La candidate LR, politiquement et techniquement avec un verbe infiniment plus maîtrisé, a fait oublier le fiasco du Zénith. Nicolas Sarkozy – une première pour lui – a été hué et c’était selon moi tout à fait normal. L’étonnant est que cette hostilité ne se soit pas manifestée plus tôt tant le sadisme de l’ancien président a été odieux à l’égard de la candidate de son camp.

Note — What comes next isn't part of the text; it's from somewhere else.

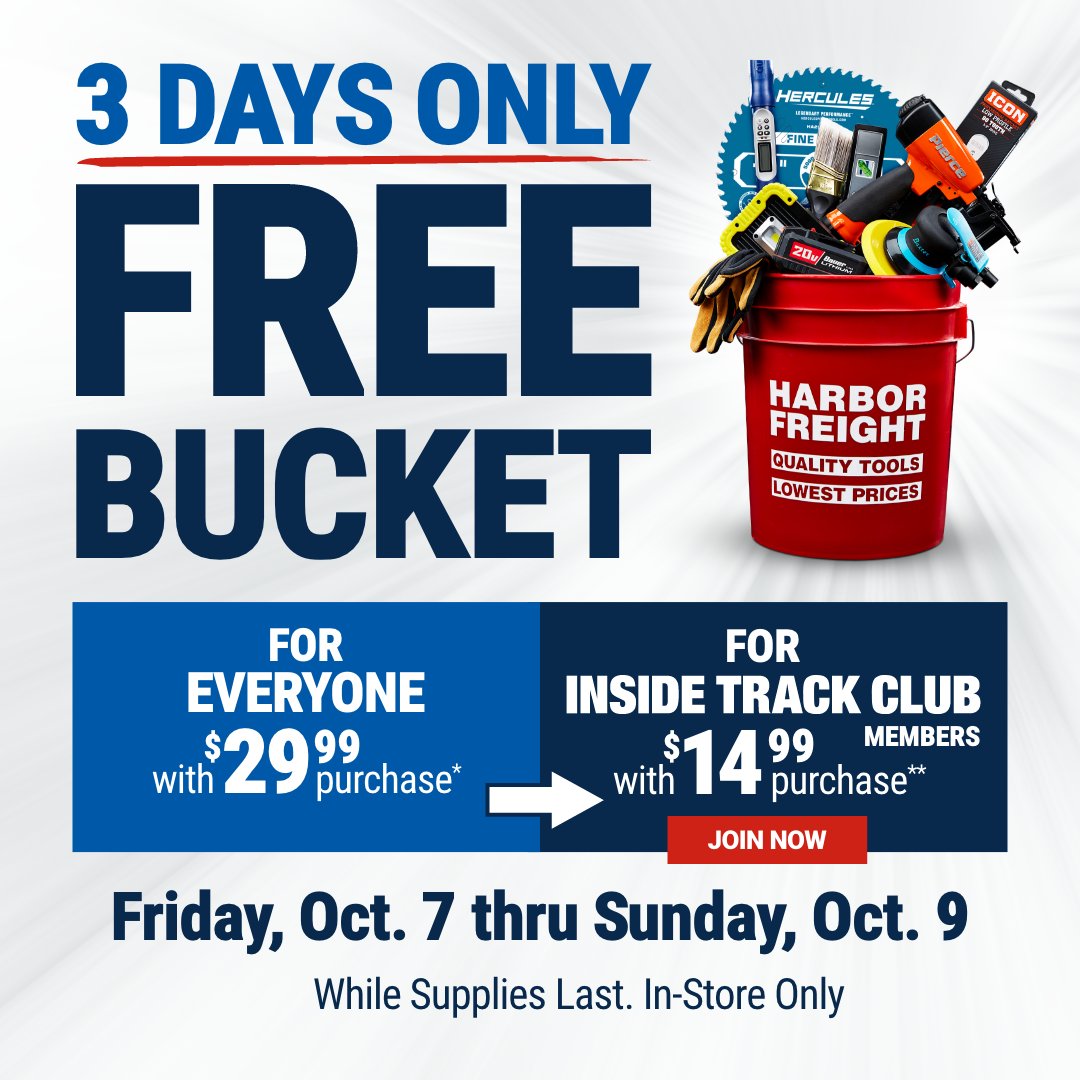 Harbor Freight on Twitter "Spend 29.99 at Harbor Freight this weekend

Sifflera bien qui sifflera le dernier
Il aurait, paraît-il, d’abord jugé dérisoires ces sifflets « qui n’entament en rien… sa reconnaissance pour ceux qui l’ont toujours soutenu ». Ensuite, devant un cercle restreint, il aurait été pris « d’une colère froide », scandalisé que son parti ait pu le traiter ainsi. Pourtant, le parti LR, ainsi que la candidate victorieuse au Congrès, sont profondément masochistes puisqu’ils ont éprouvé le besoin de rendre des hommages indus à Nicolas Sarkozy pour lui faire oublier l’affront de ces manifestations hostiles. C’est un comble alors que, si on sentait le risque de coups fourrés, on n’osait pas penser qu’il pousserait la provocation jusqu’à obstinément se taire publiquement, tout en la dénigrant en privé.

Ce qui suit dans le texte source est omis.